- WHAT TO DO: Within the data that follows, set down exactly the lines from the one containing "BLOUSE WANITA BREP645 RIBBED ELBOWSLEEVE TEE" through the one containing "Huarisi Loose Wave", both ends included.

- DATASET EXTRACT:

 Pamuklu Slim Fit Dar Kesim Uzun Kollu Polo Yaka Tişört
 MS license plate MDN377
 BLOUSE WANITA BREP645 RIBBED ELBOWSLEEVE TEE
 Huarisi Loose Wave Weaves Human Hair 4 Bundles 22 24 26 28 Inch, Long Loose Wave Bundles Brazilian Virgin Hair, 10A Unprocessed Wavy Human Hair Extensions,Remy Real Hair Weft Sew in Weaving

...

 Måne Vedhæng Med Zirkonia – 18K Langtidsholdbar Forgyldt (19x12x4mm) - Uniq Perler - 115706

- EXERCISE ANSWER:
 BLOUSE WANITA BREP645 RIBBED ELBOWSLEEVE TEE
 Huarisi Loose Wave Weaves Human Hair 4 Bundles 22 24 26 28 Inch, Long Loose Wave Bundles Brazilian Virgin Hair, 10A Unprocessed Wavy Human Hair Extensions,Remy Real Hair Weft Sew in Weaving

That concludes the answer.